The entire listing is to be repeated verbatim.

Start of Data shown

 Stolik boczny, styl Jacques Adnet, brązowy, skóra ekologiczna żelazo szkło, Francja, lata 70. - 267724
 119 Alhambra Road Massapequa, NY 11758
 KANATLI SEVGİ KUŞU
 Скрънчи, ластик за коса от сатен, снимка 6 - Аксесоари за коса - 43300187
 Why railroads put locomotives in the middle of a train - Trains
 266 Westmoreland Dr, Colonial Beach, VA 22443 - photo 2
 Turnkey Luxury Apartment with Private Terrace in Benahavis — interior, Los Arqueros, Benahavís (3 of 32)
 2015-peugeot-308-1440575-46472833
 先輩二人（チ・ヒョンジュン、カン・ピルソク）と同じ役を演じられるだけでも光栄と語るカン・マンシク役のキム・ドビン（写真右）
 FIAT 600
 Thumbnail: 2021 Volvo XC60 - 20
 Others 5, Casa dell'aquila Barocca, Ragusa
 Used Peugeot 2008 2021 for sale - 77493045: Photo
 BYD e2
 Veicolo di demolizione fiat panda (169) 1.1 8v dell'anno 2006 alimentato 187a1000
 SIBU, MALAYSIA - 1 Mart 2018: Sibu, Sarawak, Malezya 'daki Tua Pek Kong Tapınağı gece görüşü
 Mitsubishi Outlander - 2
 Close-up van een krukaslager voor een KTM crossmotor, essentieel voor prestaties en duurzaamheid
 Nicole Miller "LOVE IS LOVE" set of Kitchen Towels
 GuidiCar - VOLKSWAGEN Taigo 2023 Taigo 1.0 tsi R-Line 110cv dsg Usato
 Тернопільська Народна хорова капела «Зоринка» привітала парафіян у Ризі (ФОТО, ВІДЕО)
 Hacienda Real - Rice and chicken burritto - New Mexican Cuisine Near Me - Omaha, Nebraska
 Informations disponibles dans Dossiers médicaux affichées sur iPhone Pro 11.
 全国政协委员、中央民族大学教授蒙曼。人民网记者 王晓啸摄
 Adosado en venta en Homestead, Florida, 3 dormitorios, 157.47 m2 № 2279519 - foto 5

End of Data shown

→ Exercise output:
 Stolik boczny, styl Jacques Adnet, brązowy, skóra ekologiczna żelazo szkło, Francja, lata 70. - 267724
 119 Alhambra Road Massapequa, NY 11758
 KANATLI SEVGİ KUŞU
 Скрънчи, ластик за коса от сатен, снимка 6 - Аксесоари за коса - 43300187
 Why railroads put locomotives in the middle of a train - Trains
 266 Westmoreland Dr, Colonial Beach, VA 22443 - photo 2
 Turnkey Luxury Apartment with Private Terrace in Benahavis — interior, Los Arqueros, Benahavís (3 of 32)
 2015-peugeot-308-1440575-46472833
 先輩二人（チ・ヒョンジュン、カン・ピルソク）と同じ役を演じられるだけでも光栄と語るカン・マンシク役のキム・ドビン（写真右）
 FIAT 600
 Thumbnail: 2021 Volvo XC60 - 20
 Others 5, Casa dell'aquila Barocca, Ragusa
 Used Peugeot 2008 2021 for sale - 77493045: Photo
 BYD e2
 Veicolo di demolizione fiat panda (169) 1.1 8v dell'anno 2006 alimentato 187a1000
 SIBU, MALAYSIA - 1 Mart 2018: Sibu, Sarawak, Malezya 'daki Tua Pek Kong Tapınağı gece görüşü
 Mitsubishi Outlander - 2
 Close-up van een krukaslager voor een KTM crossmotor, essentieel voor prestaties en duurzaamheid
 Nicole Miller "LOVE IS LOVE" set of Kitchen Towels
 GuidiCar - VOLKSWAGEN Taigo 2023 Taigo 1.0 tsi R-Line 110cv dsg Usato
 Тернопільська Народна хорова капела «Зоринка» привітала парафіян у Ризі (ФОТО, ВІДЕО)
 Hacienda Real - Rice and chicken burritto - New Mexican Cuisine Near Me - Omaha, Nebraska
 Informations disponibles dans Dossiers médicaux affichées sur iPhone Pro 11.
 全国政协委员、中央民族大学教授蒙曼。人民网记者 王晓啸摄
 Adosado en venta en Homestead, Florida, 3 dormitorios, 157.47 m2 № 2279519 - foto 5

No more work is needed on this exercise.